Seeds of Growth

The Best Day Ever kids garden project brings kids and veggies together to grow community

It didn’t matter that the sun beat down or that the farmers had worked hours already. Children’s giggles rang out like a chorus in a patch of green right off a busy parking lot—farmers with small hands who carried big baskets filled with red and yellow tomatoes.

Six-year-old Neveah Romero bent down to produce a tomato they wouldn’t be able to sell.

“Don’t pick the tomatoes that are red that have white because they are sunburned,” she said. “They get sunburned if they’re in the sun. They get a lot, lot burnt.”

Determining the ripeness of a vegetable isn’t the only skill that the children participating in the Best Day Ever Kids Garden Project are learning. Here, kids from preschool to high school are learning about hard work, nutrition, seeing a project from start to finish, economics and social skills.

The project started early this year by Taylor Moore, a veteran of community enrichment through gardening. Having piloted similar programs in El Paso with upwards of 40 to 60 children, he knew he wanted to create a garden here and encourage children to make every day the best day.

Moore said Tucson’s south side was the perfect space for what he calls “the laboratory of our future,” something he sought in El Paso. The garden is located near a Food City on Seventh Avenue and 38th Street, a place surrounded by schools. Currently Hollinger K-8, Pueblo Magnet High School, Ochoa Elementary School and Tuty’s Child Care have plots at the garden.

Moore teaches them how to care for, harvest and weigh vegetables on their plots.

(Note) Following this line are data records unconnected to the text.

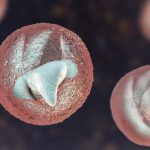 Investigan brote parasitario tras visita escolar a granja en Reino Unido Foto: Alerta sanitaria en Reino Unido /cortesía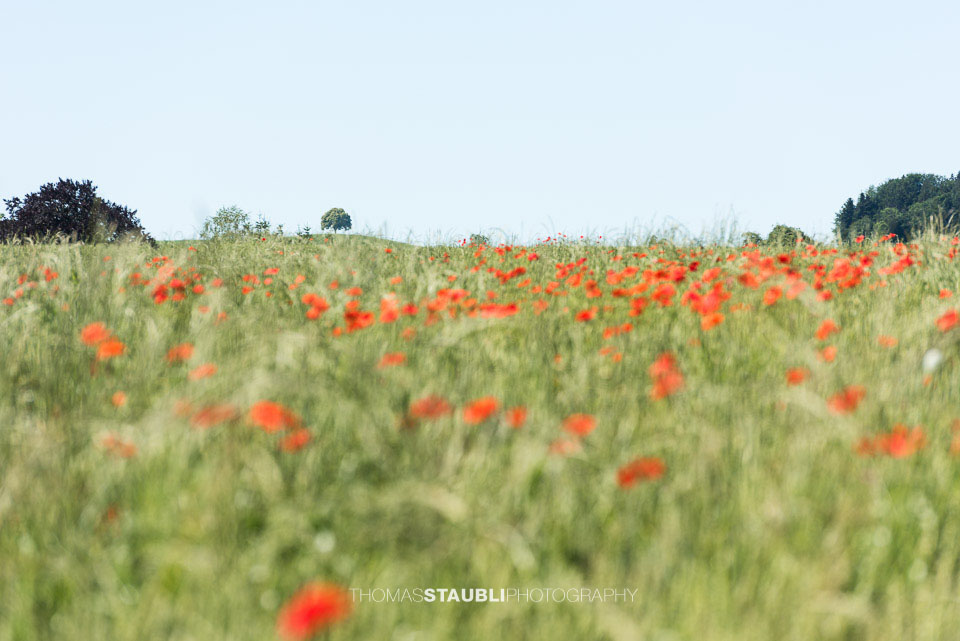 Mohblumen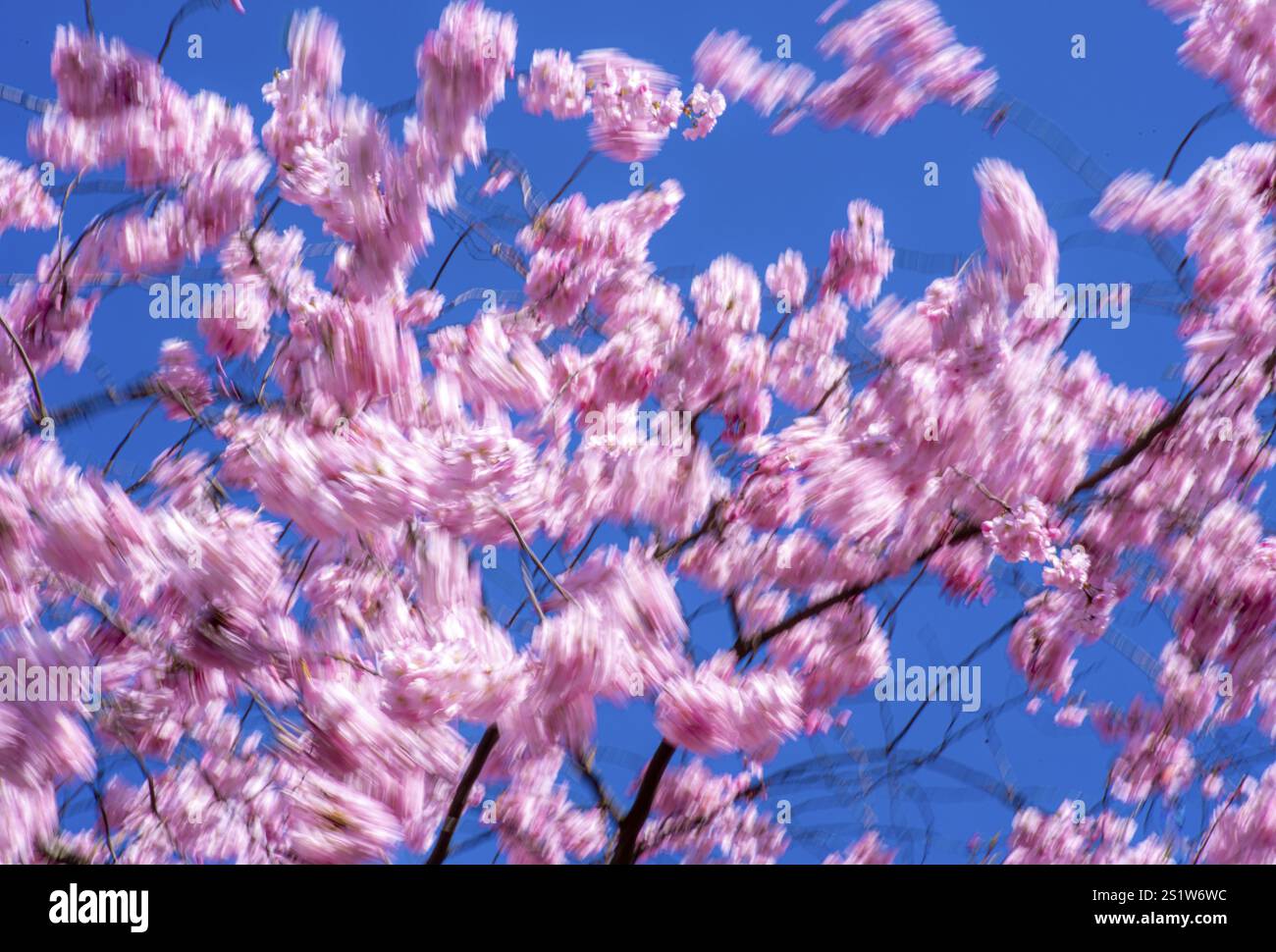 Rosafarbene Kirschblüte entspringt im Wind bei Sonnenschein an japanischen Kirschbäumen. Im Frühling blühen rosafarbene Kirschbäume in Bewegung Stockfoto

Once the harvest is done, Moore makes his rounds to the local farmers markets to compare prices and determine what their vegetables will sell for.

“These little kids got to do all that,” Moore says. “If they keep their garden going good, once they harvest and go sell it, they make money.” Hollinger principal Brian Lambert said money is one of many things his students love about the experience.

“We are teaching different kids, groups and families to be self-sufficient,” he says. “One of the kiddos was just telling me he has two $20 bills this summer."

Hollinger has three plots in the kids garden with four to five classes working at different times. They have two gardens on their own site that Moore tends to daily.

“As a person who was never really big into fruits and veggies, how great is it that we actually have youth who are popping tomatoes,” says Lambert.

According to Jessica Contreras, a teacher at Tuty’s Child Care, learning where food comes from has opened her students to vegetables they once scoffed at.

“They would look at a tomato and be like, ‘No I don’t want to eat a tomato, it’s nasty,’ but now they have the opportunity to get out and know they are the ones who picked it,” she says.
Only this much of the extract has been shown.